The latest flood of anti-Trump news began on January 11 with a New York Times report that the FBI supercharged their investigation into whether Trump had wittingly or unwittingly fallen under Moscow’s influence after he fired FBI Director James Comey (at the recommendation of Deputy AG Rod Rosenstein). According to the report, agents and senior F.B.I. officials “had grown suspicious of Mr. Trump’s ties to Russia during the 2016 campaign” but held off on opening an investigation into him, the people said, in part because they were uncertain how to proceed with an inquiry of such sensitivity and magnitude.
One day after the NYT report, the Washington Post reported that Trump had “gone to extraordinary lengths to conceal details of his conversations with Russian President Vladimir Putin, including on at least one occasion taking possession of the notes of his own interpreter and instructing the linguist not to discuss what had transpired.”
Of course, buried in paragraph nine the Post admits: “No evidence has emerged publicly that Mr. Trump was secretly in contact with or took direction from Russian government officials.“
Continuing the anti-Trump train was a Thursday report in the Wall Street Journal that President Trump instructed Michael Cohen to rig CNBC and Drudge polls in his favor. Cohen reportedly agreed to pay a small IT firm $50,000 to conduct the rigging, only to pay them in a bag of cash containing between $12,000 and $13,000 and a boxing glove that Cohen said had been worn by a Brazilian mixed-martial arts fighter.
Cohen has disputed the account – but not the relationship with the IT firm – RedFinch or its CEO John Gauger, saying “All monies paid to Mr. Gauger were by check.”
Hilariously, in May 2016 Cohen also asked Gauger to create a Twitter account – @WomenForCohen, which was run by a female friend of Gauger and described Cohen as a “sex symbol,” praising his looks and character, while promoting his appearances and statements boosting Trump’s candidacy.
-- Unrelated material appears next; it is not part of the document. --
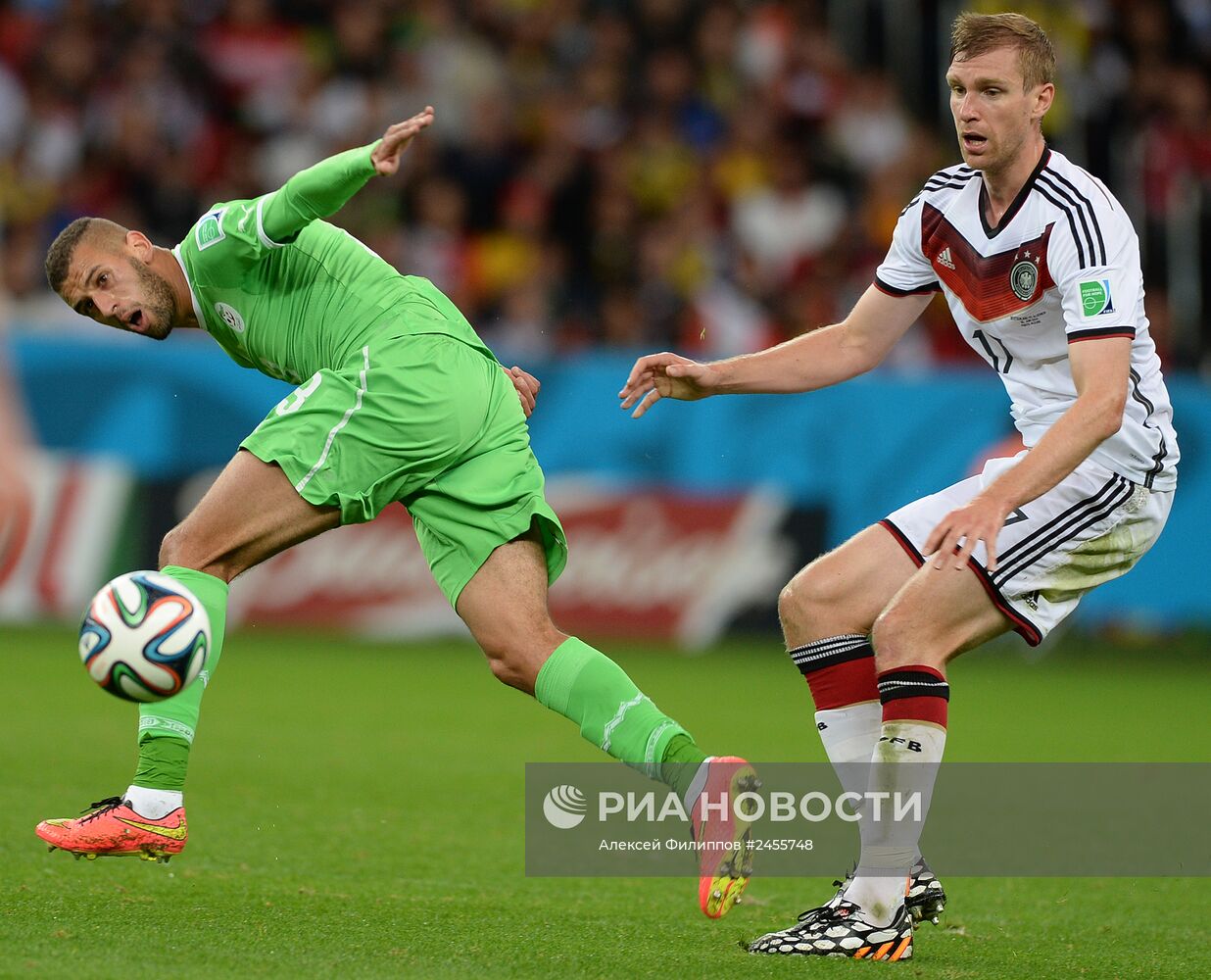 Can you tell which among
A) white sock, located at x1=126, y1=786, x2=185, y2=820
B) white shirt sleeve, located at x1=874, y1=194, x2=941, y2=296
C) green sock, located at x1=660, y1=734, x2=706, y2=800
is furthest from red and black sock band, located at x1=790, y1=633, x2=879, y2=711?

And while Gauger says he never received the rest of the $50,000 he was owed, Cohen still requested – and received – a $50,000 reimbursement from Donald Trump and his company for the work done by RedFinch, according to the Journal, citing a government document and a person familiar with the matter. The reimbursement – based on a handwritten note by Cohen, was paid largely out of Trump’s personal account.
Trump attorney Rudy Giuliani said that Cohen’s full reimbursement for the $50,000 while paying RedFinch less shows the former Trump lawyer to be a thief. “If one thing has been established, it’s that Michael Cohen is completely untrustworthy,” said Cohen.
And last but not least, of course, is the now-discredited BuzzFeed report alleging that Trump instructed Cohen to lie about Trump Tower Moscow.
It’s interesting how quickly the news cycle turned against Trump after he threatened to flex his presidential powers and declare a national emergency to fund his wall – right on the heels of a Syria pullout announcement which has been wildly unpopular with establishment war hawks.